The numbers 5 to 9 each appear 5 times.
The digit 0 appears 4 times.
There are 4*14+5*5+4=85 occurrences altogether.
The probability that 0 will appear just once in six balls is\[6 \times (\frac{4}{85})(\frac{81}{84})(\frac{80}{83}) (\frac{79}{82})(\frac{78}{81}) (\frac{177}{80})\]
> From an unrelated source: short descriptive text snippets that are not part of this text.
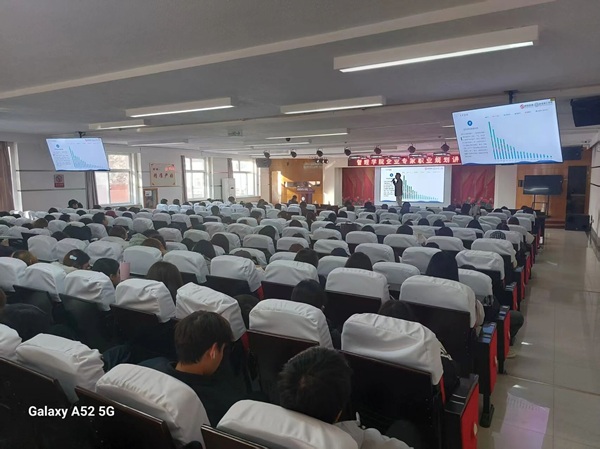 行业专家赋能课程改革！管理学院抖音就业实战讲座点亮新生职业路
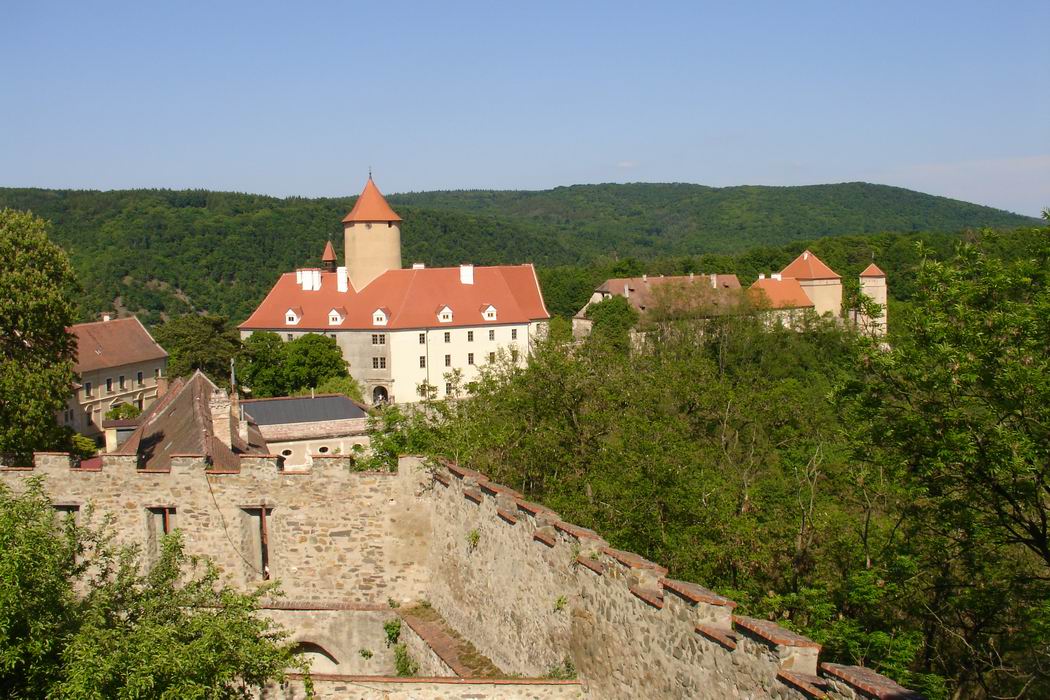 Hrad Veveri, par kilometru od Brna kam se da dojet lodi nebo MHD.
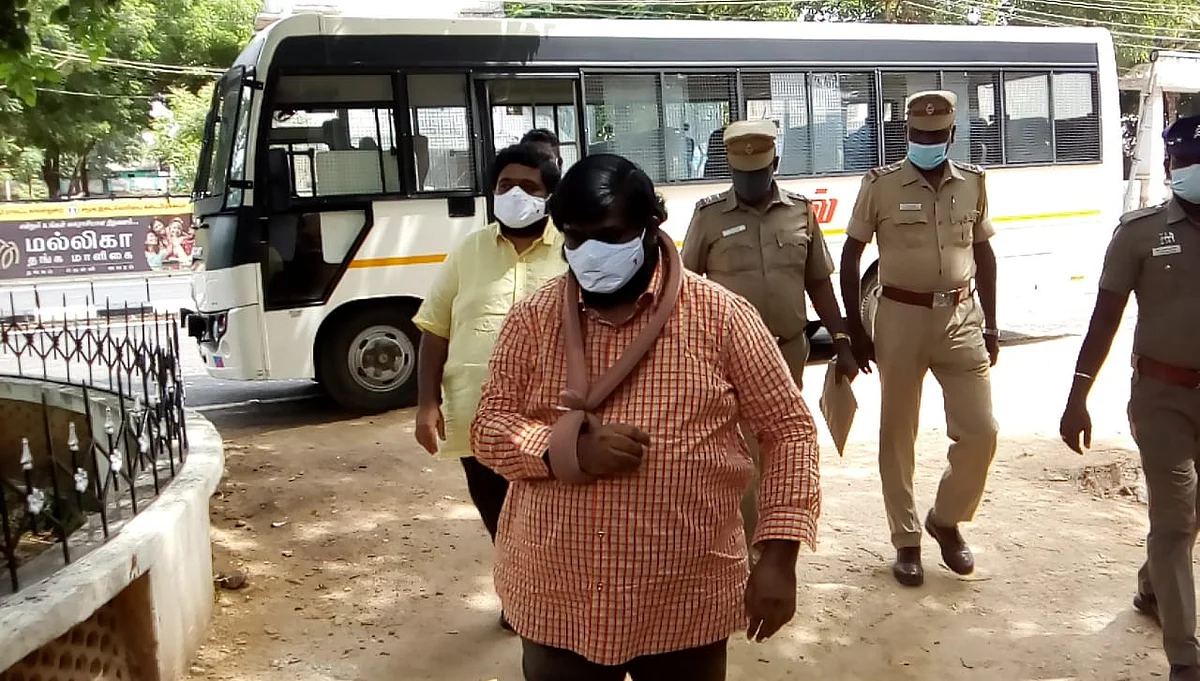ஹெலிகாப்டர் பிரதர்ஸை அழைத்துவரும் போலீஸார்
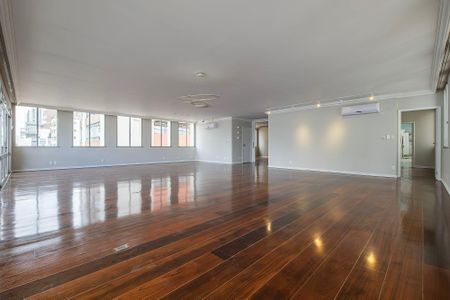 Apartamento para alugar com 380m², 4 quartos e 2 vagasSala 1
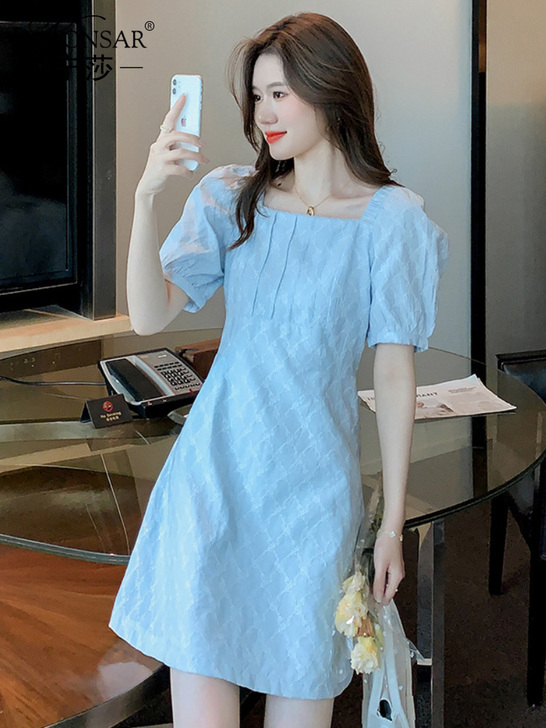 法式复古赫本风泡泡短袖连衣裙女夏新款方领收...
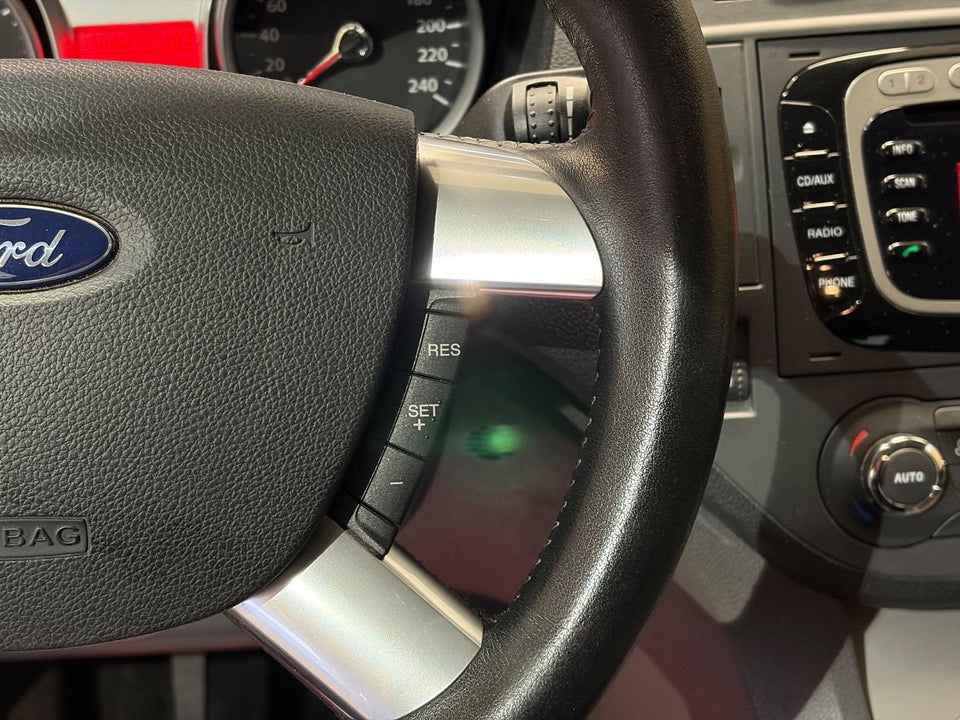 Ford C-MAX 1,6 Ambiente 5d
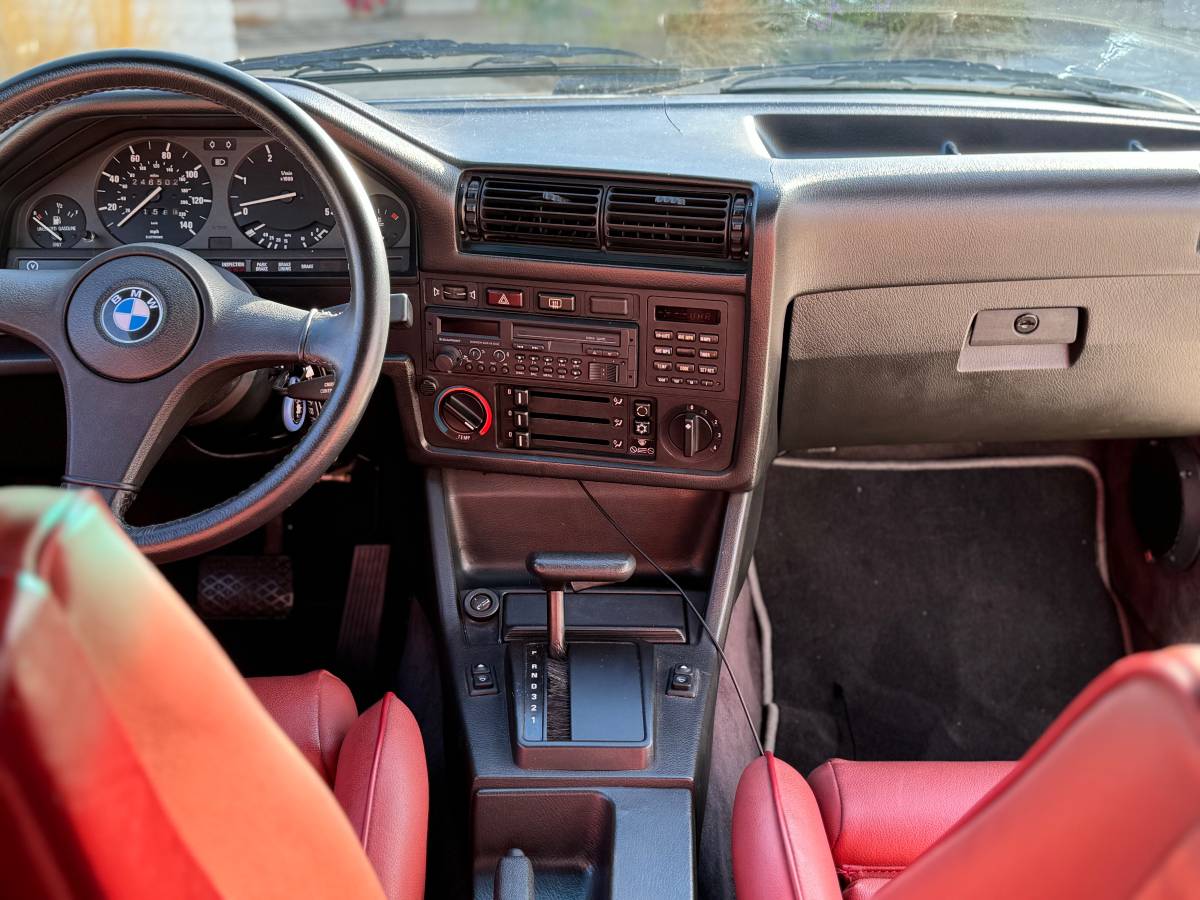 Bmw-325e-1984-grey-9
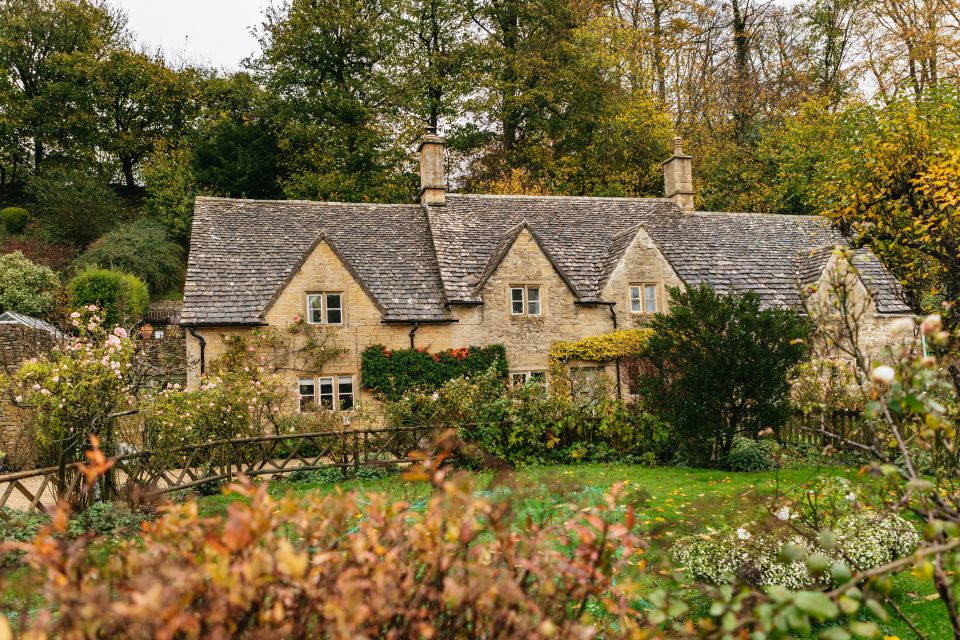 From London: Full-Day Cotswolds Tour With 2-Course Lunch - Meeting Point and Check-in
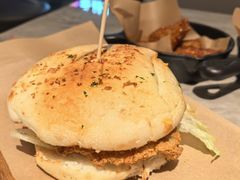 -必胜客(尹山湖歌林公园店)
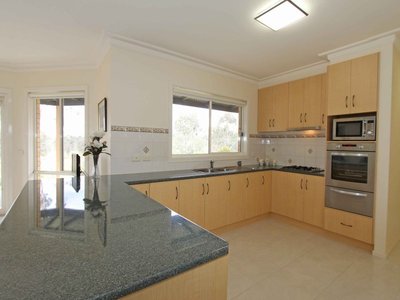 26 Bates Crt, Heathcote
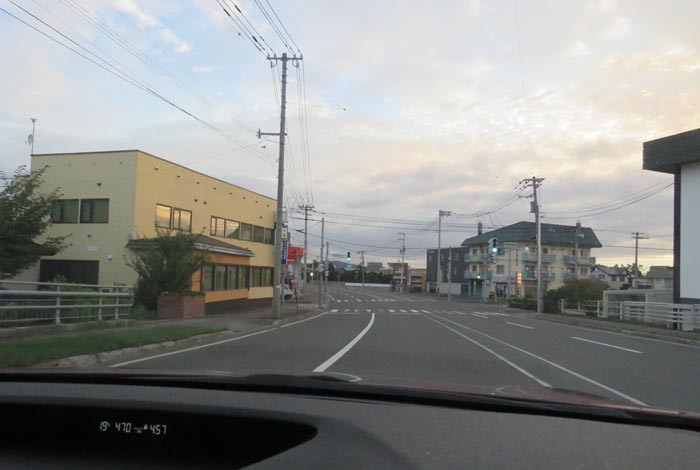 webnews今朝の北見/無加川橋を渡り南大通り交差点方向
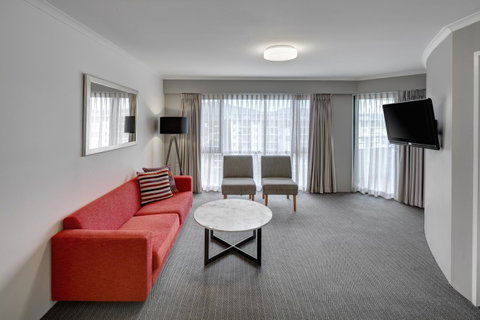Adina Serviced Apartments Canberra James Court - Go Out 5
.The probability that 0 will appear twice in six balls is
\[\frac{6 \times 5}{2} (\frac{4}{85})(\frac{3}{84})(\frac{81}{83}) (\frac{80}{82})(\frac{79}{81}) (\frac{178}{80})\]
.The probability that 0 will appear three times in six balls is
\[\frac{6 \times 5 \times 4}{2 \times 3} (\frac{4}{85})(\frac{3}{84})(\frac{2}{83}) (\frac{81}{82})(\frac{80}{81}) (\frac{179}{80})\]
.The probability that 0 will appear four times in six balls is
\[\frac{6 \times 5 \times 4 \times 3}{2 \times 3 \times 4} (\frac{5}{85})(\frac{4}{84})(\frac{3}{83}) (\frac{2}{82})(\frac{80}{81}) (\frac{179}{80})\]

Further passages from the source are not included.